Closed nli8888 closed 2 years ago
thanks. I will download the data and try to debug it on my side.
Hi Nick,
before running the workflow I found something in your data that is probably an issue. I recognized that your designed sequences are 270 bp long. Your FW and REV reads have lengths of 132 and 121 bp. So you do not cover the whole insert. Theoretically this is OK when your sequences different on the end from each other. When there are sequences identical, just different in the middle, e.g. when testing variants, you will not be able to correctly align your data.
Practically it is an issue how MPRAflow works because for PE reads we try to merge both reads before mapping. See here: https://github.com/shendurelab/MPRAflow/blob/fb359522be58bf1ddafe45e313b98d582a43bf99/association.nf#L331 This will not be possible with your data.
A workaround will be using the SE option discarding the reverse read. But then your design has to be different in the first 132 bp, Also cigar string has to be adjusted E.g. using 132M.
It would be the same issue with MPRAsnakeflow. But I think it is possible to use proper PE mapping without read merging.
I am not sure if this triggers the AttributeError
issue.
Best, Max
Thanks for the reply. I suppose we'll try out the SE mode first in the meantime.
What do you mean exactly when you say "design has to be different in the first 132 bp"?
You read must uniquely map to one sequence. If this is not the case the BC will be discarded because of ambiguity. The 132 refers to the length of your first read, staring sequencing your design file from the 5' end.

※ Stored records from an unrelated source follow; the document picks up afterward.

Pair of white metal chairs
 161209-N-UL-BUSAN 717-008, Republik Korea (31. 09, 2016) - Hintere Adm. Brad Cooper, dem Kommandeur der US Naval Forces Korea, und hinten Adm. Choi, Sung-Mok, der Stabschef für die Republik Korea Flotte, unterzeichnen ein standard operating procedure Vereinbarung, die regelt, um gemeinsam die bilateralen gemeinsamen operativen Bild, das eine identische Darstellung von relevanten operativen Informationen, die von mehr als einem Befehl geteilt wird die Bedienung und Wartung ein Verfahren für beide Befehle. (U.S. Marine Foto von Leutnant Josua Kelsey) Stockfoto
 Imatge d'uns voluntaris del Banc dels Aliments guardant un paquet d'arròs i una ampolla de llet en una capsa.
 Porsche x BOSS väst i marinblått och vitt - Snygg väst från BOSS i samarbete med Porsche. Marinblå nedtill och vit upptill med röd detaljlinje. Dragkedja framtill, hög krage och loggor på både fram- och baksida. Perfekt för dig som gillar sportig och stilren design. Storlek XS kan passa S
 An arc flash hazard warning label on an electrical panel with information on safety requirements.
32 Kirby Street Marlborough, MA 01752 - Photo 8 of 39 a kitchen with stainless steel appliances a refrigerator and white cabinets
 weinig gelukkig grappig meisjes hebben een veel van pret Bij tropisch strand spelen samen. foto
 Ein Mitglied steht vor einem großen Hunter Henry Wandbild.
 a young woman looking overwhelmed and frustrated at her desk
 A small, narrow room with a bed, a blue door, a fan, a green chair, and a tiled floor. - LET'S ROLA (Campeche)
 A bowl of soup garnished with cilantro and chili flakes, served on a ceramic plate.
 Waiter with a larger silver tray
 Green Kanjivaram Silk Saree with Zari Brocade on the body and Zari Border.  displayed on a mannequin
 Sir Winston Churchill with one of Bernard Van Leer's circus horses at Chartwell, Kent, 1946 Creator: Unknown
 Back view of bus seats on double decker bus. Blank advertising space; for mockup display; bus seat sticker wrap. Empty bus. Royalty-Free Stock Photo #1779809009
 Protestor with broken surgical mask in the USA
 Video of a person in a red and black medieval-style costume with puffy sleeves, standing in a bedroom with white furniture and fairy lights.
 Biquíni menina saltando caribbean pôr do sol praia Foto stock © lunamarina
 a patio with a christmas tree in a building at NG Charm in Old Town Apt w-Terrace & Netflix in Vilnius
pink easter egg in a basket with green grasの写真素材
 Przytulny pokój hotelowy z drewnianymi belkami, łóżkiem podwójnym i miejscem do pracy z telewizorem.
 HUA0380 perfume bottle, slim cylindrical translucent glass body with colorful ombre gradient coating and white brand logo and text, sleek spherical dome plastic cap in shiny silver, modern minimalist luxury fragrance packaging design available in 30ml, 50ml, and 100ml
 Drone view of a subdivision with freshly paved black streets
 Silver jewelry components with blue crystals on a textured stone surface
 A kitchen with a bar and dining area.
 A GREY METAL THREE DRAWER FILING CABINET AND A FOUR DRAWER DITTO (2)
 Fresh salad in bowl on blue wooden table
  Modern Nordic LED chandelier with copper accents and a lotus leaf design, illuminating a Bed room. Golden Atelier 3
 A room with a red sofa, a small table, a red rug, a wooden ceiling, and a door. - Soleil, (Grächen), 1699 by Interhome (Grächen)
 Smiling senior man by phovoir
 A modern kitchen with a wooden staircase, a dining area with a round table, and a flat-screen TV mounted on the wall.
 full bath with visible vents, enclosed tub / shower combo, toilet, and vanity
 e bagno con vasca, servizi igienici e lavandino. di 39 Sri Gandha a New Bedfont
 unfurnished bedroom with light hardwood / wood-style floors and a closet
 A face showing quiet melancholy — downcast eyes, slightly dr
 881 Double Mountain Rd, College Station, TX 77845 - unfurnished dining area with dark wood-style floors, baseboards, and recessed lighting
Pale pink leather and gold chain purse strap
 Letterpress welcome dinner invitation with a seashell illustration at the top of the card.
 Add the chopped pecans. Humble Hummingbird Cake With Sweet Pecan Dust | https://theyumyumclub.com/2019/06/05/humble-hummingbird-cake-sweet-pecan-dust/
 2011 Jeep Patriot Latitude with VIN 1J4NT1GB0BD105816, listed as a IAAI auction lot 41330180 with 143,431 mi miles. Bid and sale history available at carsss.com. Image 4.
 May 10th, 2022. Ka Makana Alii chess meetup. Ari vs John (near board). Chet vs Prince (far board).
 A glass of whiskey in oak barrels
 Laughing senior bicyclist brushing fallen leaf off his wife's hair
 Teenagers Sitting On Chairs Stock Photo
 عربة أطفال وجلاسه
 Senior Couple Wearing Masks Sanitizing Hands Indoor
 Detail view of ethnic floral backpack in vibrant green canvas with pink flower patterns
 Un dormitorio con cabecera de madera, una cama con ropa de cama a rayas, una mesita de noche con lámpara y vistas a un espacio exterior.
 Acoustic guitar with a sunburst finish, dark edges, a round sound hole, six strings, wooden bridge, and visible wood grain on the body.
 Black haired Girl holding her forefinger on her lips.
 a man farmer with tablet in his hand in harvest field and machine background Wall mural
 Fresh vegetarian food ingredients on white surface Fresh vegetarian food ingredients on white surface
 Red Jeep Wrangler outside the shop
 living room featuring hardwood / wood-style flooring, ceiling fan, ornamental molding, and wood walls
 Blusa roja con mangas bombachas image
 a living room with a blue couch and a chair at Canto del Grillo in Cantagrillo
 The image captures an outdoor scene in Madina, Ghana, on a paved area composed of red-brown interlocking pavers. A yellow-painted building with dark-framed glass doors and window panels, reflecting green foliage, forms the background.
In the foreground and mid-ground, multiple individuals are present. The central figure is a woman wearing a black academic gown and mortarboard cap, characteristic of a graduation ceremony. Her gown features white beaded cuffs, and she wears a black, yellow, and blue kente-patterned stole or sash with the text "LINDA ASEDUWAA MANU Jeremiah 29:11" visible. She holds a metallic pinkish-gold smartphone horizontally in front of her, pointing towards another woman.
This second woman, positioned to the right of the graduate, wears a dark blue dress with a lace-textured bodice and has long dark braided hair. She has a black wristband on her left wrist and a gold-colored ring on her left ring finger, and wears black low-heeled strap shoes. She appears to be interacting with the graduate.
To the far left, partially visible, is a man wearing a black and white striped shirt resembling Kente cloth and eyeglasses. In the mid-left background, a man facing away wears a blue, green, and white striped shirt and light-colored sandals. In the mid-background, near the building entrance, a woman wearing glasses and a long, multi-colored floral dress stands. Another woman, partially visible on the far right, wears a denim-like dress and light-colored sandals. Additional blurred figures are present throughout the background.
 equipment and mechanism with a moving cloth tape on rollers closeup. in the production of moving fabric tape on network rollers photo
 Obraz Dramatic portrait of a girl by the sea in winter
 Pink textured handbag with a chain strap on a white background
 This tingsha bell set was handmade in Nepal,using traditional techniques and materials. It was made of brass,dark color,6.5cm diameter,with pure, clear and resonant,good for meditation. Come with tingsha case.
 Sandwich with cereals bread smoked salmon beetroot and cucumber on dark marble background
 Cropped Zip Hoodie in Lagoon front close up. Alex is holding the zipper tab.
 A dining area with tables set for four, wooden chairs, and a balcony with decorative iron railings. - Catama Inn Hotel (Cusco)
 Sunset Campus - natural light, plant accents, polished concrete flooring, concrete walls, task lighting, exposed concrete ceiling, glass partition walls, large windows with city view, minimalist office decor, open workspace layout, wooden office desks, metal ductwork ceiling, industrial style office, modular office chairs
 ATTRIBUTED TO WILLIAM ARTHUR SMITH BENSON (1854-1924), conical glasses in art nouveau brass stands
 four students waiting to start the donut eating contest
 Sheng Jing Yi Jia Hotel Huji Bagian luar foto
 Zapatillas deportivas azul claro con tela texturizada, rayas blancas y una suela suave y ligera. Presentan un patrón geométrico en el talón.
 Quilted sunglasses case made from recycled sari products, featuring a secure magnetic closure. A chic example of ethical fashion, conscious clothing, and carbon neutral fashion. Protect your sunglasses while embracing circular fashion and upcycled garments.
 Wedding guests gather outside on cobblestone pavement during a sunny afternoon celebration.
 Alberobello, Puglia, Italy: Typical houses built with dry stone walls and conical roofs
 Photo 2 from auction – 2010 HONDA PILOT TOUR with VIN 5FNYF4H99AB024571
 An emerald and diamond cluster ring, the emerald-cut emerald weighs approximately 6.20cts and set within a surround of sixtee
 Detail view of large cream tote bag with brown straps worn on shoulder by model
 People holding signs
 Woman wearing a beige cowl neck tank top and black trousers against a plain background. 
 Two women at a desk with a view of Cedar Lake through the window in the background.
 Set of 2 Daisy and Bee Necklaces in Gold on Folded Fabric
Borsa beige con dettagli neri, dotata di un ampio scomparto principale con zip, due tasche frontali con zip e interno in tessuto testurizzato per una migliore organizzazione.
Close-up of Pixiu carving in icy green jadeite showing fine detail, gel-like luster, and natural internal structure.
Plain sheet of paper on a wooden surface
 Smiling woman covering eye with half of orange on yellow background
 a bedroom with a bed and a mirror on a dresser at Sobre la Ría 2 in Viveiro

btw. the error is due to zero reads after merging
Ah ok I understand. Sorry I thought you meant something else.
Ok so we have gotten SE mode running and we'll see how that goes. If we need to run PE mode, we may try to manually trim the missing middle section in our design file . For future seqs, we'll just make them shorter to ensure full coverage.
Alternatively, we may try MPRAsnakeflow if it is indeed possible to use to PE mapping without merging?
But we'll see which way provides the best results for our purposes
Right now MPRAsnakeflow merges reads, too. If more people generate such data I think it is worth implementing it. And I am always happy if someone implements it by themself and makes a pull request to the repo
Ok so we have gotten SE mode running and we'll see how that goes. If we need to run PE mode, we may try to manually trim the missing middle section in our design file . For future seqs, we'll just make them shorter to ensure full coverage.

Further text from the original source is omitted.